(Image-text web data)
★ ★ ★

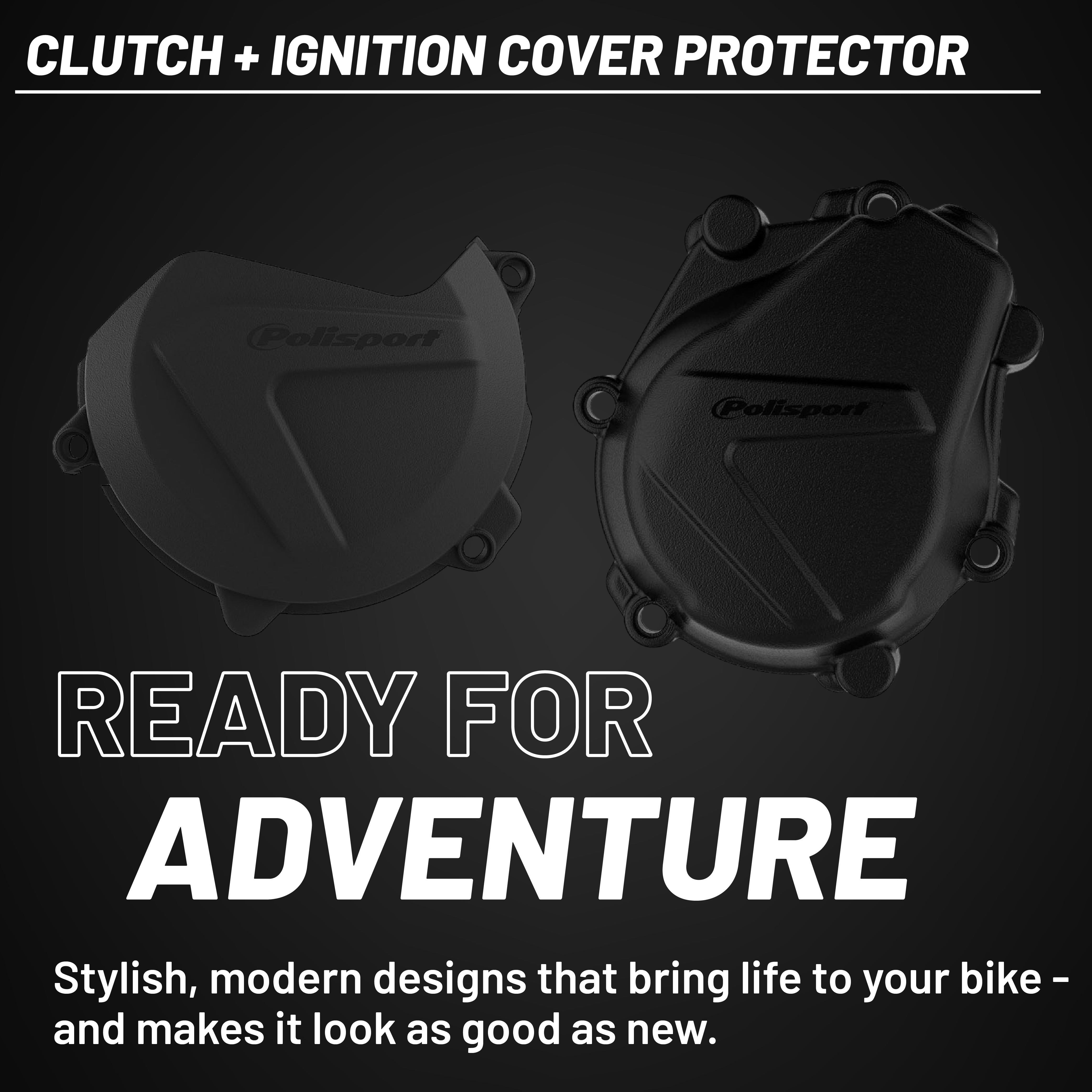 Polisport Clutch and Ignition Cover Protector Kit (Black) - Compatible with KTM and Husqvarna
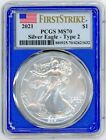 2021 $1 Silver Eagle MS70 PCGS Type 2 flag First Strike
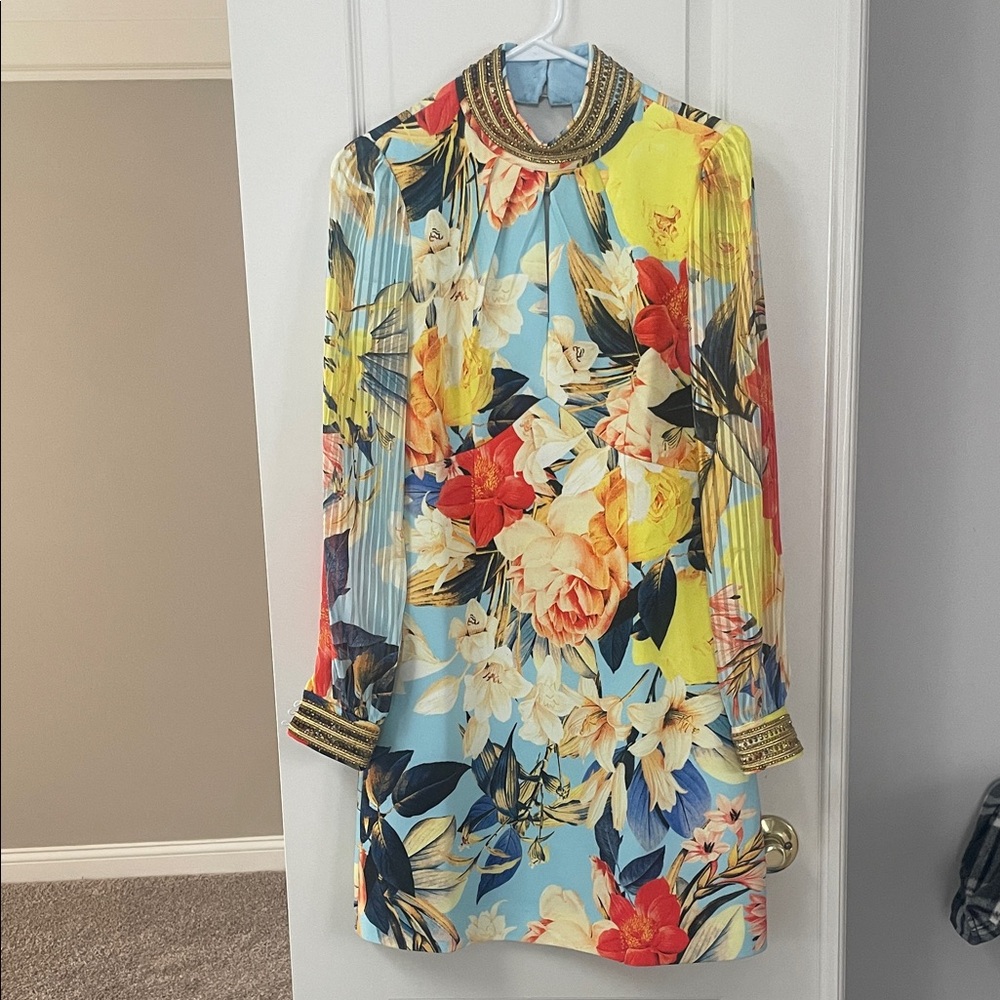 Karen Millen Floral Long-Sleeve Pleated Mini Dress in Blue and Yellow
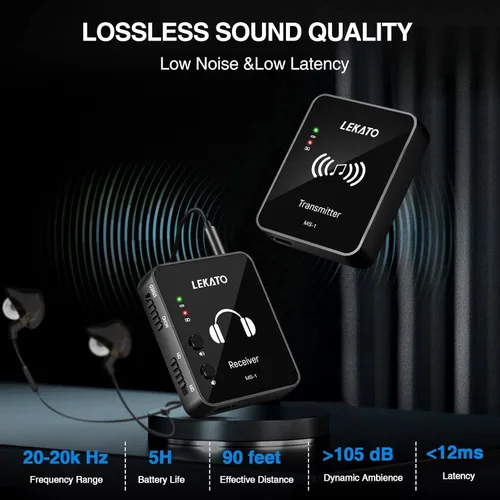 Miniatura 5 de LEKATO MS-1 Sistema de monitor inalámbrico en el oído, monitoreo intrauditivo estéreo de 2.4 GHz con transmisor receptor de clip, uno a muchos, Negro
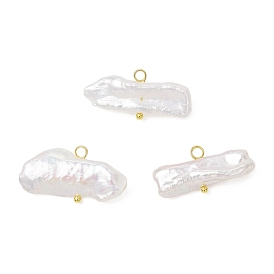 Натуральные кеши жемчужные подвески, подвески-самородки с двойными латунными петлями, белые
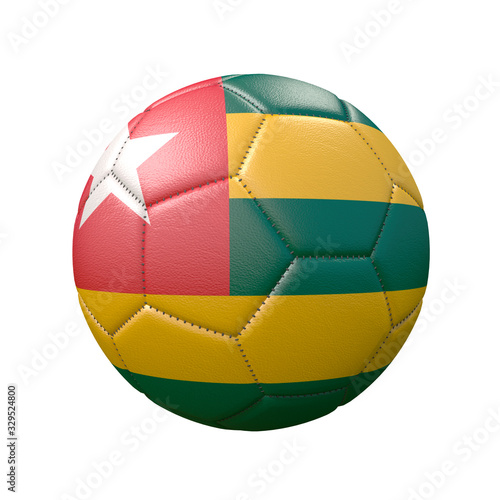 Soccer ball in flag colors isolated on white background. Togo. 3D image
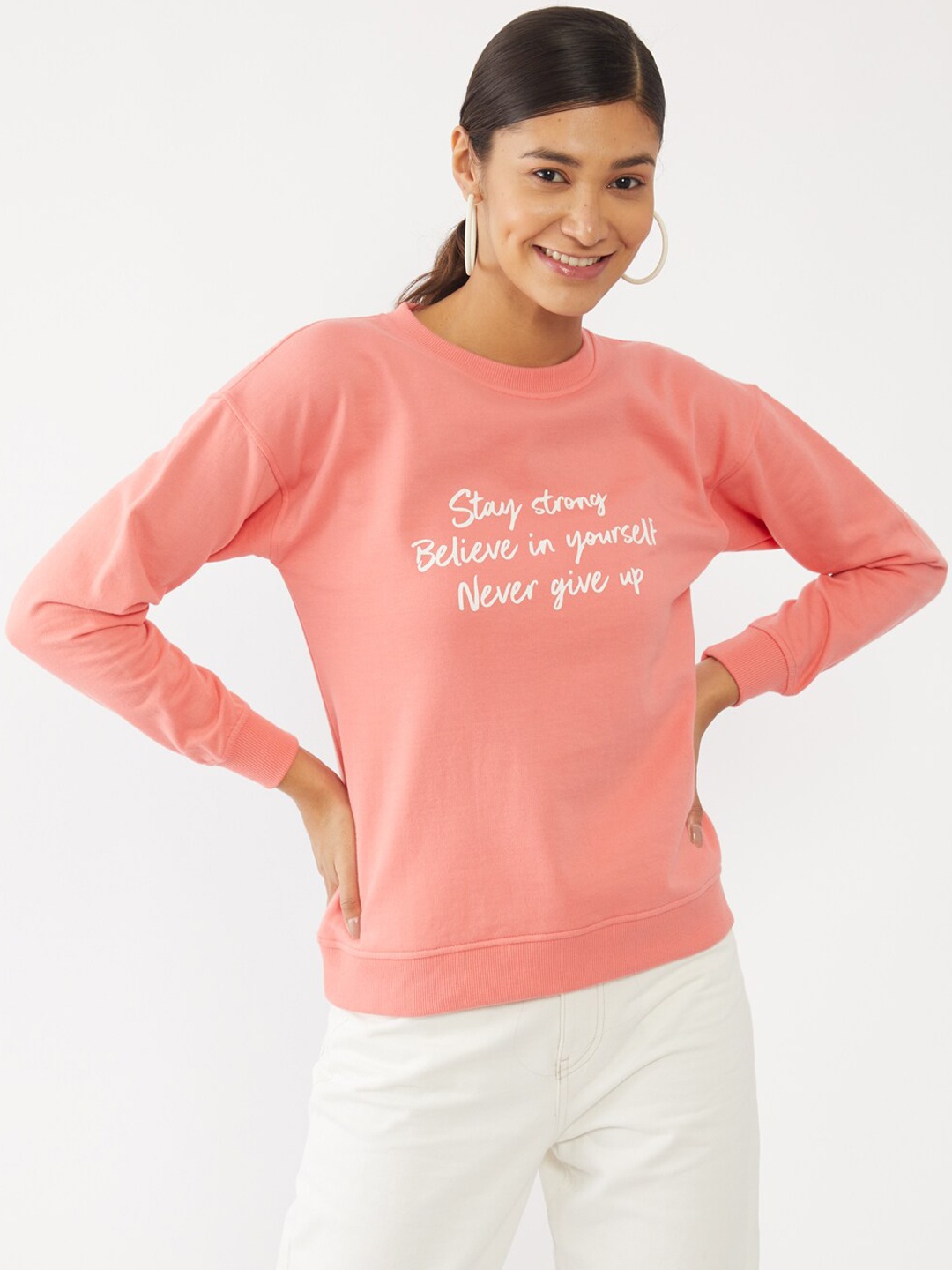 

Zink London Women Pink Printed Cotton Sweatshirt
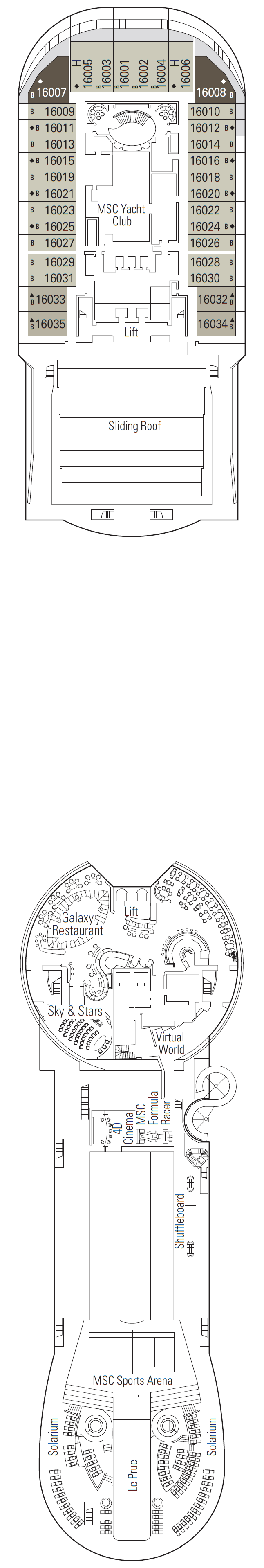 Deck plan for Deck 16 - Urano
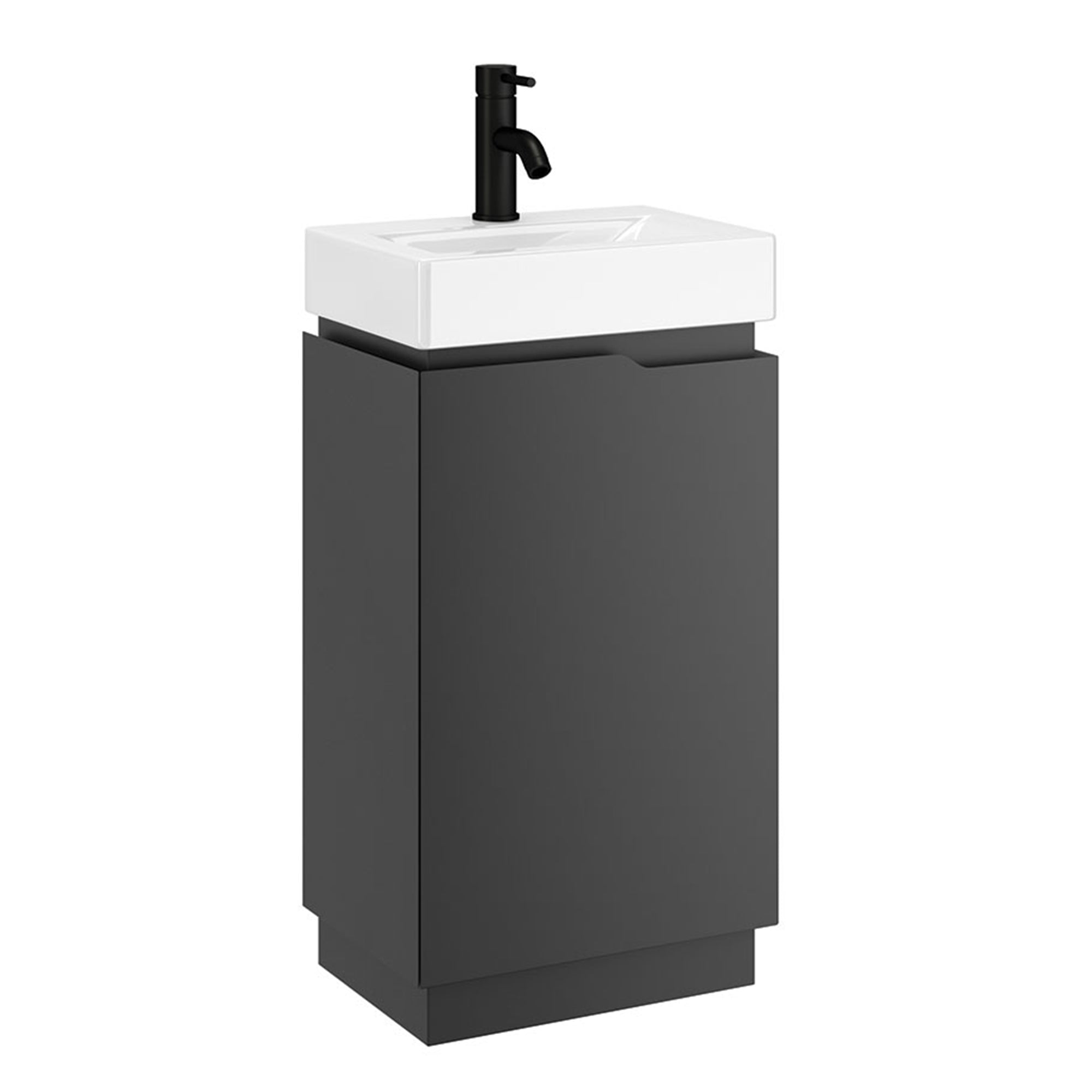 vegas 450 cloakroom vanity unit with basin matt grey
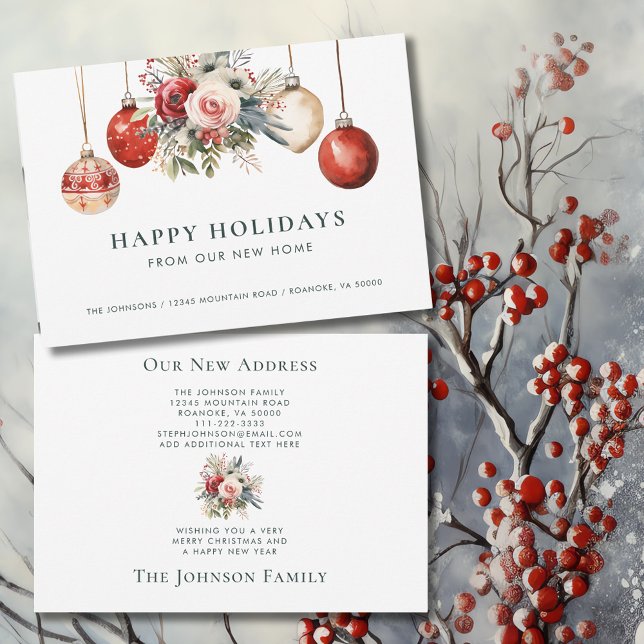Christmas Ornaments Holiday Floral New Home   Announcement (Christmas Ornaments Holiday Floral New Home Announcement Flat Card with Envelope)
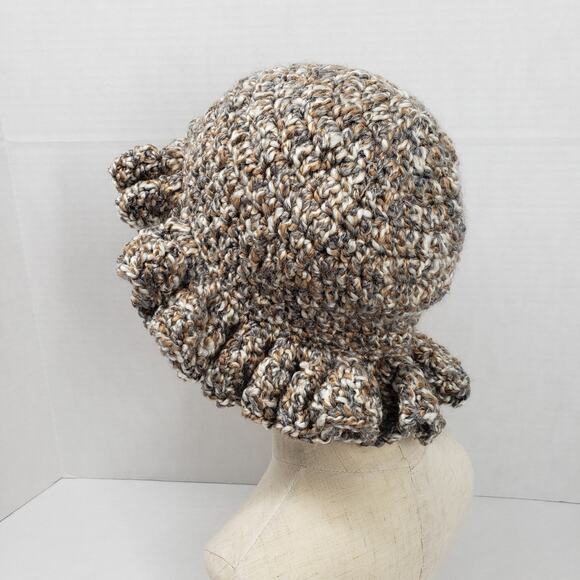 Handmade Crochet Brown Ruffle Bucket Hat Bohemian Casual Festival Neutral Fall - Picture 14 of 16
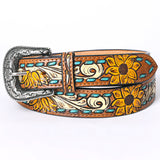 American Darling ADBLF204-L Beautifully Hand Tooled Genuine American Leather Belt Men and  Women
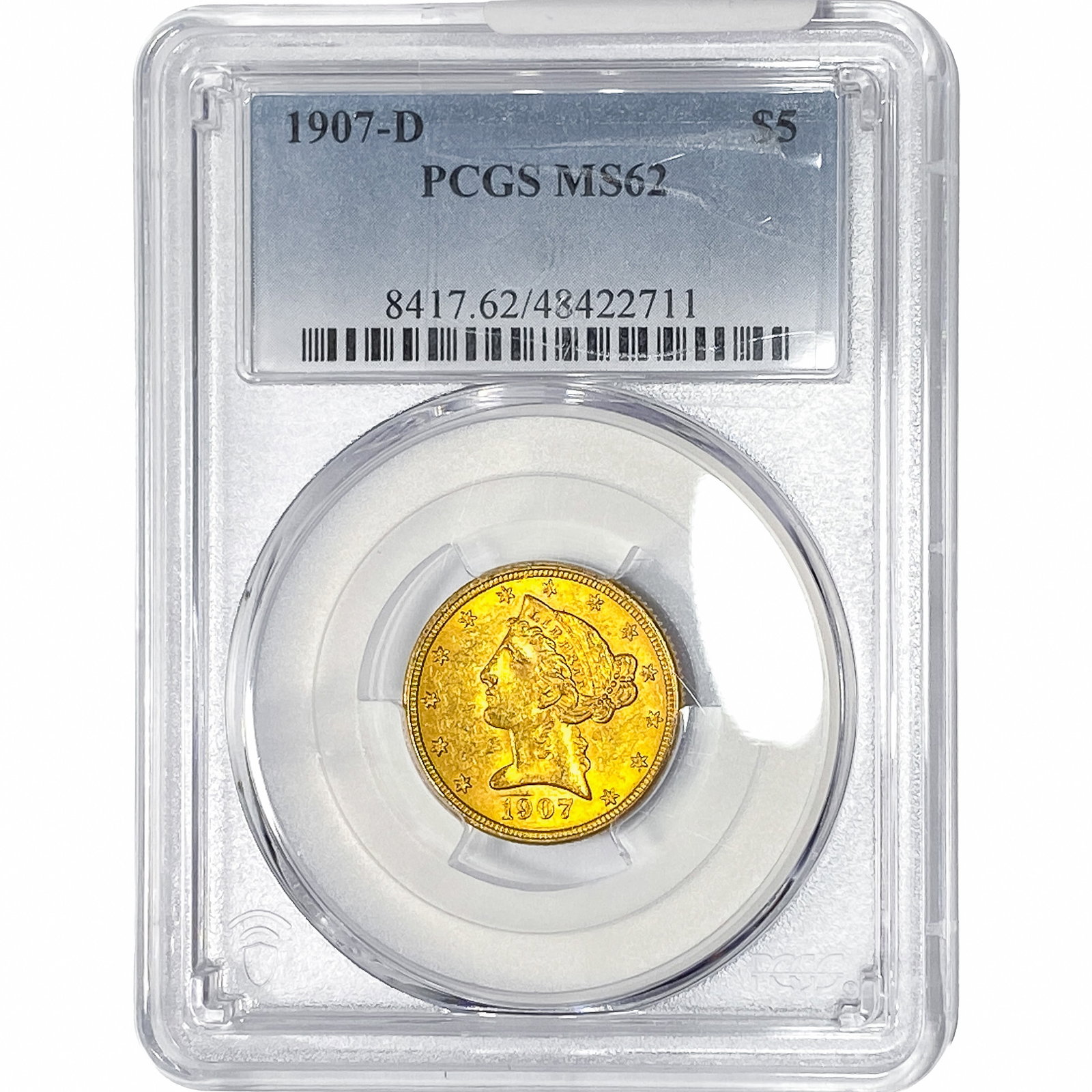1907-D $5 Gold Half Eagle PCGS MS62: 1907-D $5 Gold Half Eagle PCGS MS62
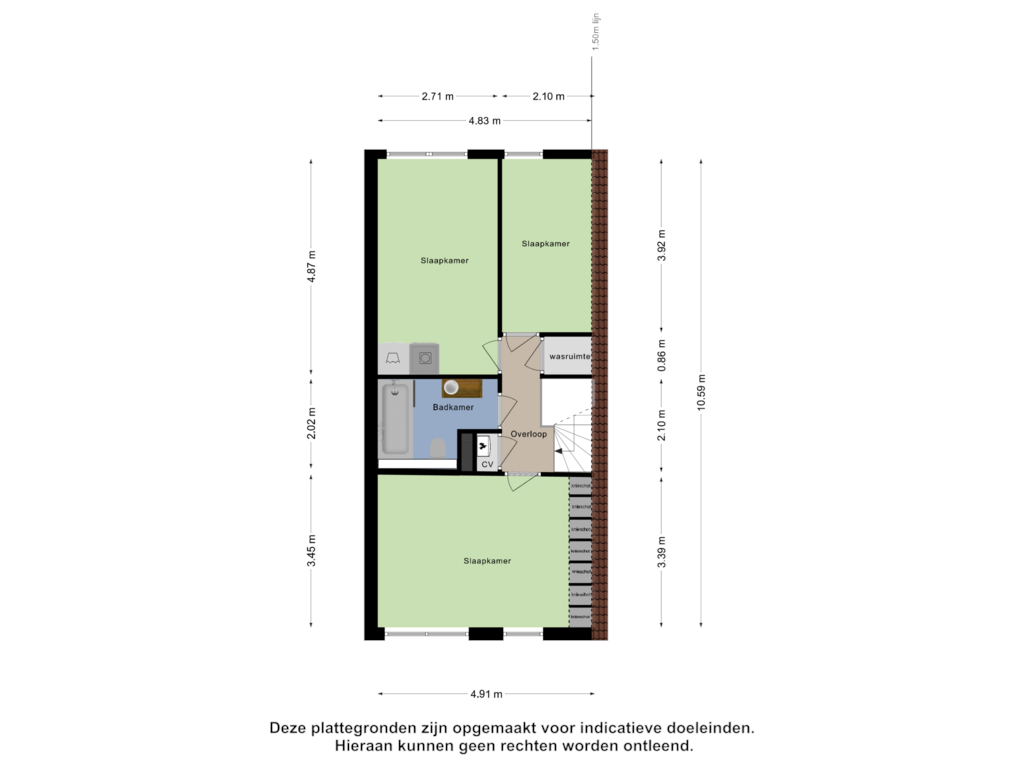 Bekijk plattegrond van Tweede Verdieping van Utrechtlaan 89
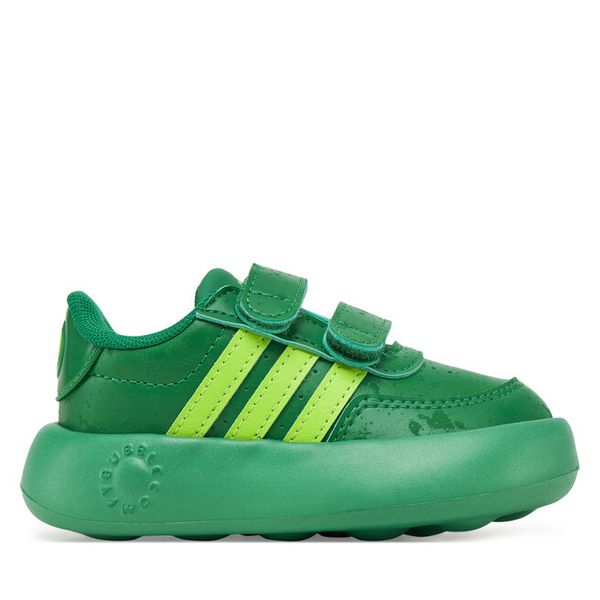 Sneakersy adidas. Zielone trampki i tenisówki chłopięce Adidas, bez wzorów, bez zapięcia. Za 119.99 zł.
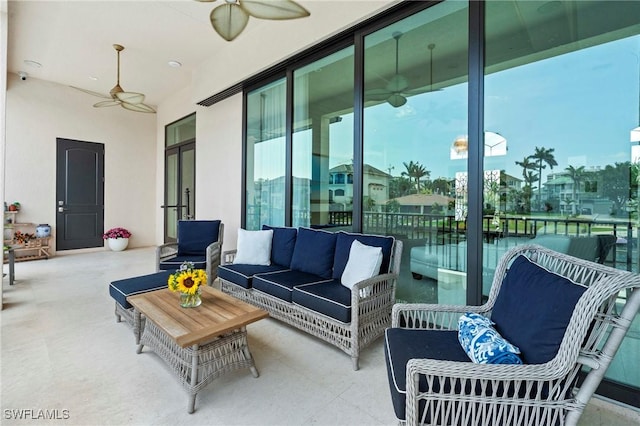 388 Pine Ave, Naples, FL 34108 - view of patio featuring ceiling fan and an outdoor hangout area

★ ★ ★

Exercise
An exact copy of all the entries is required, and it must contain no pictures.

Response to the task
 Polisport Clutch and Ignition Cover Protector Kit (Black) - Compatible with KTM and Husqvarna
 2021 $1 Silver Eagle MS70 PCGS Type 2 flag First Strike
 Karen Millen Floral Long-Sleeve Pleated Mini Dress in Blue and Yellow
 Miniatura 5 de LEKATO MS-1 Sistema de monitor inalámbrico en el oído, monitoreo intrauditivo estéreo de 2.4 GHz con transmisor receptor de clip, uno a muchos, Negro
 Натуральные кеши жемчужные подвески, подвески-самородки с двойными латунными петлями, белые
 Soccer ball in flag colors isolated on white background. Togo. 3D image

Zink London Women Pink Printed Cotton Sweatshirt
 Deck plan for Deck 16 - Urano
 vegas 450 cloakroom vanity unit with basin matt grey
Christmas Ornaments Holiday Floral New Home   Announcement (Christmas Ornaments Holiday Floral New Home Announcement Flat Card with Envelope)
 Handmade Crochet Brown Ruffle Bucket Hat Bohemian Casual Festival Neutral Fall - Picture 14 of 16
 American Darling ADBLF204-L Beautifully Hand Tooled Genuine American Leather Belt Men and  Women
1907-D $5 Gold Half Eagle PCGS MS62: 1907-D $5 Gold Half Eagle PCGS MS62
 Bekijk plattegrond van Tweede Verdieping van Utrechtlaan 89
 Sneakersy adidas. Zielone trampki i tenisówki chłopięce Adidas, bez wzorów, bez zapięcia. Za 119.99 zł.
 388 Pine Ave, Naples, FL 34108 - view of patio featuring ceiling fan and an outdoor hangout area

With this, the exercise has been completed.